Hiding your SSID does nothing for you…
There, I have stated it out loud.
Look, for all you security types who think hiding the SSID makes it less likely to be noticed, guess what? It will likely lure more people (read: script kiddies) to want to test it out! Security through obscurity is sooooo last century!
Today there are many apps and programs designed to “unhide” your SSID, it isn’t difficult at all to find it. There’s a part of the 802.11 protocol that requires Access Points to respond to a Probe Request (think of a client devices asking the question, “What networks exist here?”) with all their networks, regardless of if they are hidden or not. Hiding the SSID only stops them from being transmitted in a Beacon, which is akin to not announcing their presence unsolicited; however, when asked the AP must respond and tell the device asking the full list. This is how the SSID can be uncovered fairly quickly.

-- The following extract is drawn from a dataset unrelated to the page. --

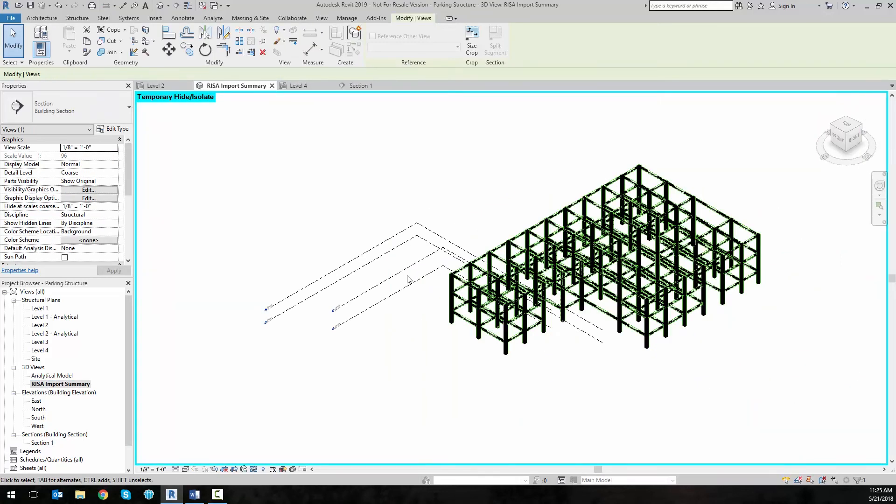For more information about the RISA Revit 2019 link, including downloads, training videos, and release notes, visit risa.com/revit.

Very few client devices work off of passively listening to the airwaves first to find the network they are interested in. Most use the active probing for “ANY” SSID since it makes for faster roaming and association as the device doesn’t have to wait to hear the SSID before it can find a network.
The one exception to the active probing is in regards to DFS frequency usage, at least in the US. On a channel that follows the DFS requirements, the client device is not allowed to send a Probe unless it hears an Infrastructure AP “speak” first. This is because the client device is not programmed to assess the air for radar events, thus it trusts that if an AP is talking it is okay to transmit. Hiding the SSID in this scenario can make a client miss an AP that would normally be available for roaming and association, causing issues with connectivity for those clients. I’ve seen it. And with the increasing use of 5GHz along with the necessity of Wi-Fi connectivity, the last thing you want is for your devices to encounter trouble while roaming.
For those security conscious people out there, do yourself and your Wi-Fi consumers a favor – focus on getting rid of those clients that cannot support anything but WEP or even WPA-PSK (TKIP) support. Use a method advocated with an RSN (Robust Security Netowrk) and let your SSIDs be known and advertised! You could potentially save yourself (and your Wi-Fi admins) some headaches.